Pretty pops of colour are prevalent throughout both lines, and it’s this element that makes the jewellery so unique. Further to her curated collections, Ananya also offers a bespoke service enabling clients to take home a piece completely tailored to them.
What’s the most memorable bespoke piece you’ve ever been requested to create?
“I’m currently designing a wedding ring with a black diamond as the bride doesn't want the traditional white one. When I’ve created wedding bands, I’ve put a ruby on the inside so only the wearer knows it’s in there. Both the man and the woman can have a personal stone nobody else knows about that’s connecting to their heart chakras. It’s something I want to do more of. Sourcing your gemstones is so important, and you have a certain responsibility while delivering a piece to make sure you’re not hurting anyone or anything in the process - I think that’s very important. Being aware of where they come from, and maintaining a certain level of ethics. The jewellery industry is all about trust and as a jeweller you have no excuse not to be ethical about it.” >>
Born into a family rooted within the fashion industry, what made you want to design jewellery rather than clothes?
“Jewellery has always been a strong part of our culture in India - every big occasion is celebrated with a different piece. When a child is born they wear protective bracelets with black and gold beads, and when someone gets married you’re gifted a set of bangles. I did my gemmology degree at the GIA and started looking at gemstones in a different way realising they’re a lot more powerful. I learnt a lot about the techniques discovering all these stones I never had access to before. It feels right doing it.”

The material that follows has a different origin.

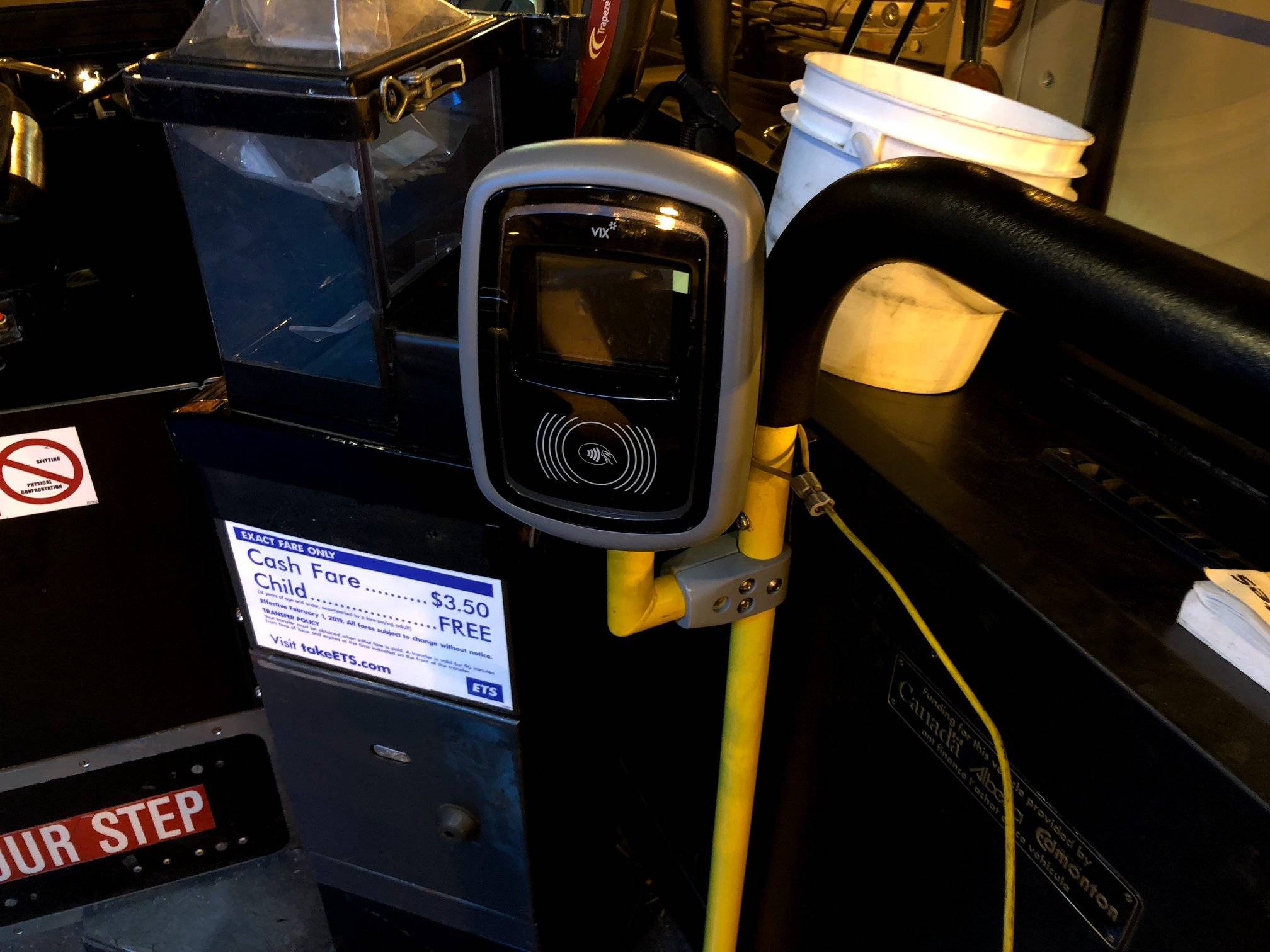 Smart fare machines finally installed on select Edmonton buses, but Calgary’s mobile system is on the fly.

You've designed the women's jewellery brooch for celebrated women scientists and Nobel Prize winners - with this year having a major impact on women's rights, do you think this will have an effect on the future of jewellery design?
“I think the way people buy jewellery is very different now; it used to just be a gift from a partner, but I have a lot of women buying it for themselves now because they can afford it and have the power to, and I love that.”
You’ve talked about jewellery being a form of expression, how can we use it to really make a statement?
“If you wear a pair of striking earrings, you’re already making a statement by with that piece on its own - pair it with a really simple dress and there you go. I’ve seen a few people wearing big earrings with jeans and a t-shirt and it looks so cool, the styling rules have changed and you just have to embrace it.” >>
I have to ask: what did you think of Megan Markle’s engagement ring?
“It’s a beautiful ring. I loved the thought that went into it, the way it was designed and the way the diamonds were sourced - how it still belongs to the family. If you want to keep a wedding ring very traditional, there are ways of having a diamond ring but making it more meaningful. I love that approach.”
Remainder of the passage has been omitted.